## Data section

┏━━

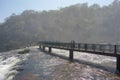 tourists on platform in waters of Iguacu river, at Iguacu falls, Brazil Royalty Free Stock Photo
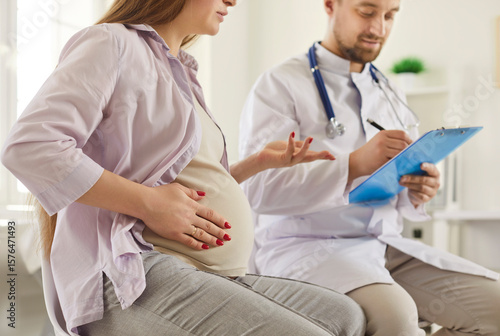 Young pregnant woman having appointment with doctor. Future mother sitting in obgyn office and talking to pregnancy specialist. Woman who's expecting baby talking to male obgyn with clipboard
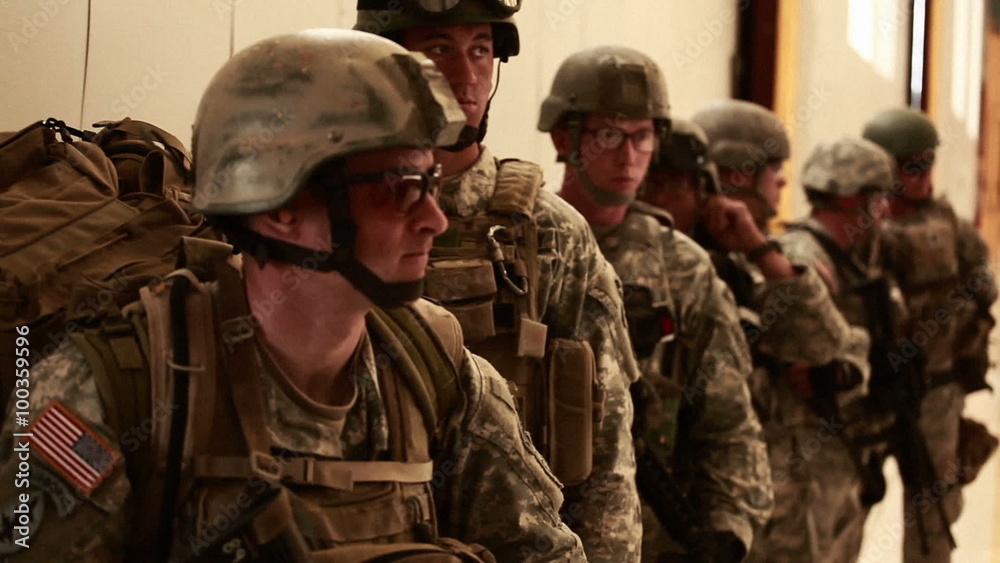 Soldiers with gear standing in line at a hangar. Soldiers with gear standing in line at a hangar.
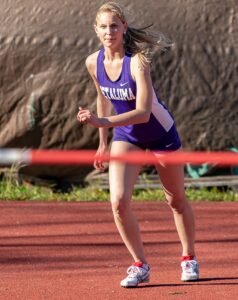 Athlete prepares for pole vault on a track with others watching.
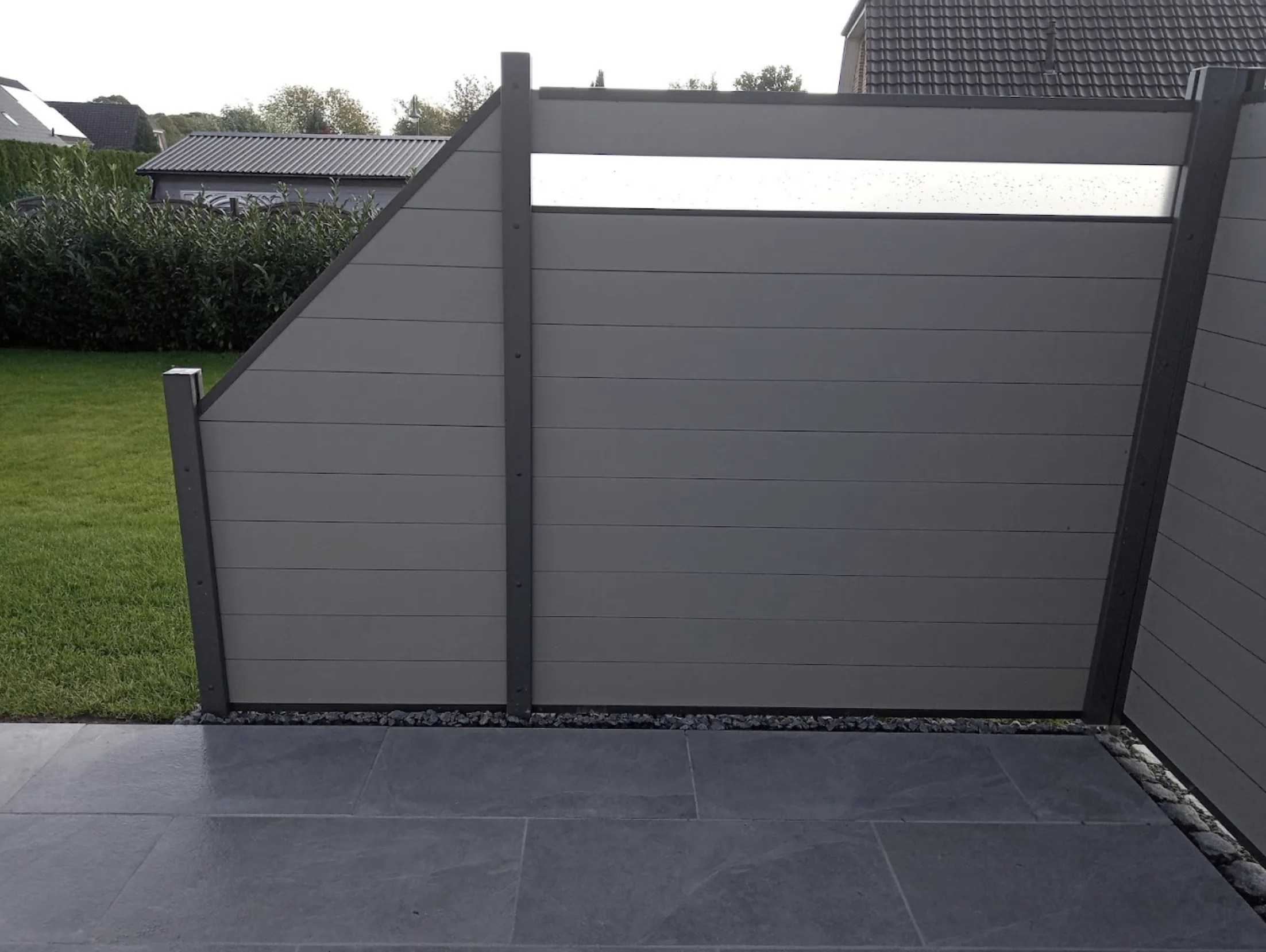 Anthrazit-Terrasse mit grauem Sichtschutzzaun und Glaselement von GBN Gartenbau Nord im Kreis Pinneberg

┗━━
┏━━

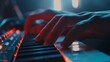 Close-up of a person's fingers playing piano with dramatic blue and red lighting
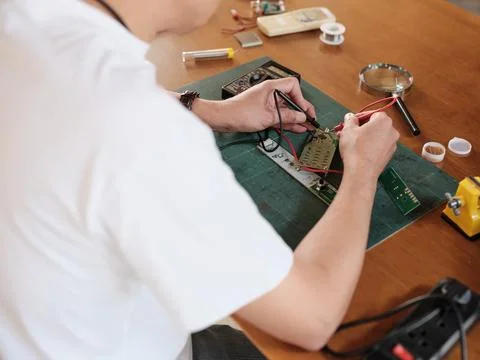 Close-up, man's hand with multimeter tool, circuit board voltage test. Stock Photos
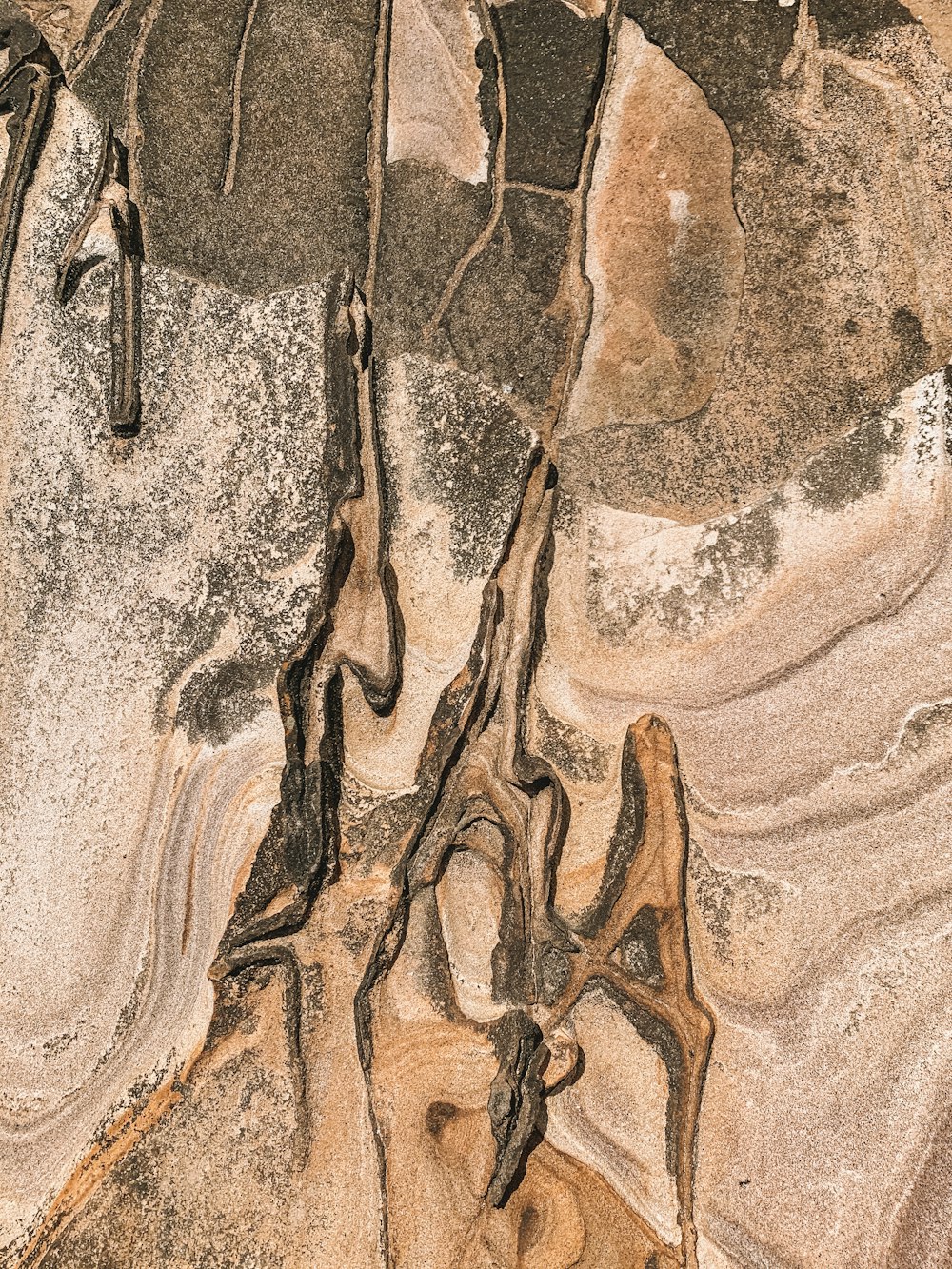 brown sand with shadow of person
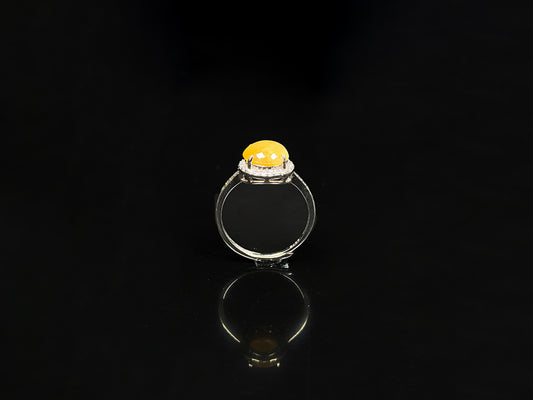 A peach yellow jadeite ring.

┗━━
┏━━

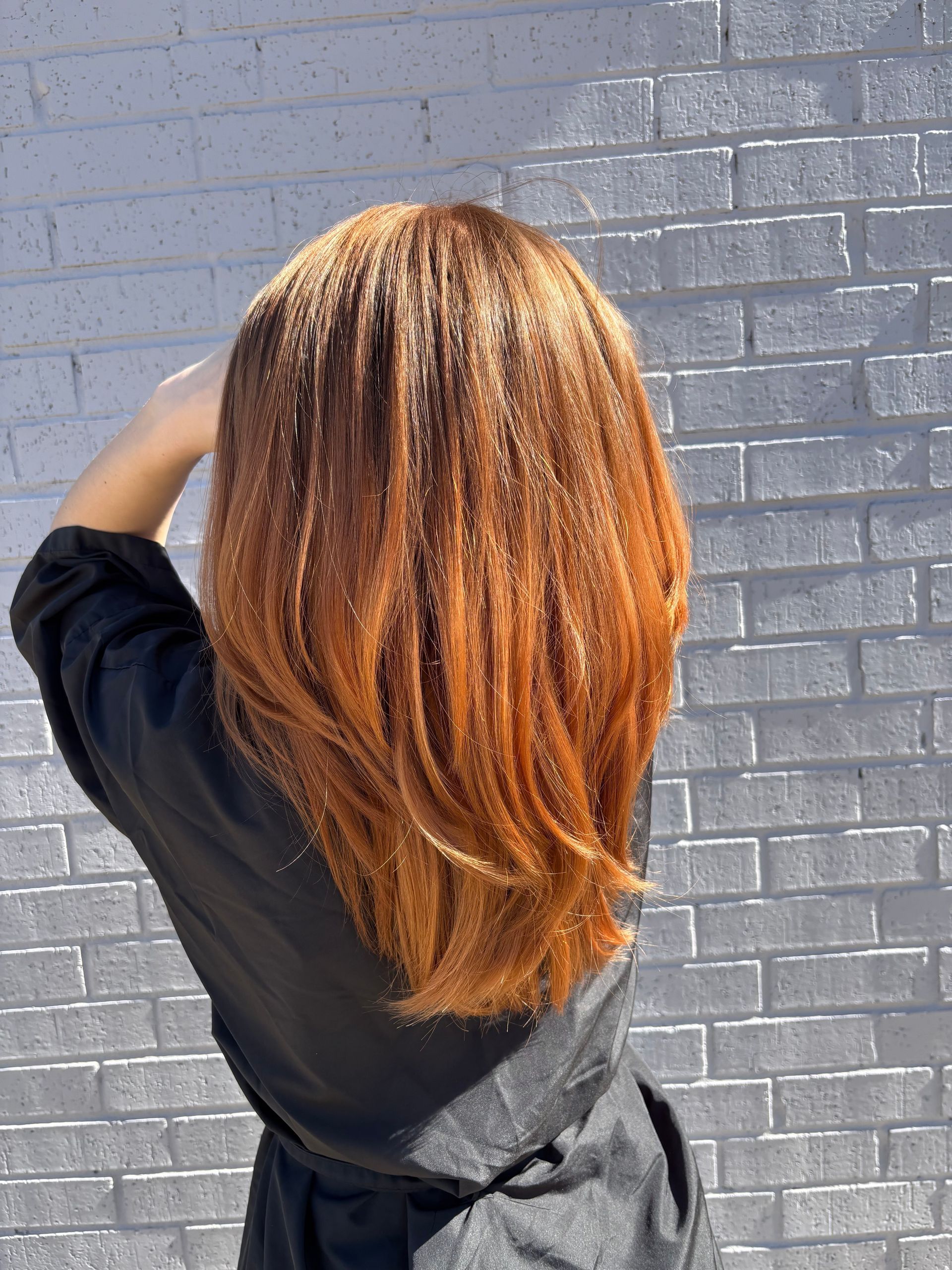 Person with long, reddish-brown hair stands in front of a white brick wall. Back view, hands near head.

┗━━

## Instructions for the task
Reproduce, word for word, everything in the listing above from the line containing "tourists on platform" down to the line containing "Anthrazit-Terrasse mit grauem", both of them included. No pictures.

## Solution to this exercise
 tourists on platform in waters of Iguacu river, at Iguacu falls, Brazil Royalty Free Stock Photo
 Young pregnant woman having appointment with doctor. Future mother sitting in obgyn office and talking to pregnancy specialist. Woman who's expecting baby talking to male obgyn with clipboard
 Soldiers with gear standing in line at a hangar. Soldiers with gear standing in line at a hangar.
 Athlete prepares for pole vault on a track with others watching.
 Anthrazit-Terrasse mit grauem Sichtschutzzaun und Glaselement von GBN Gartenbau Nord im Kreis Pinneberg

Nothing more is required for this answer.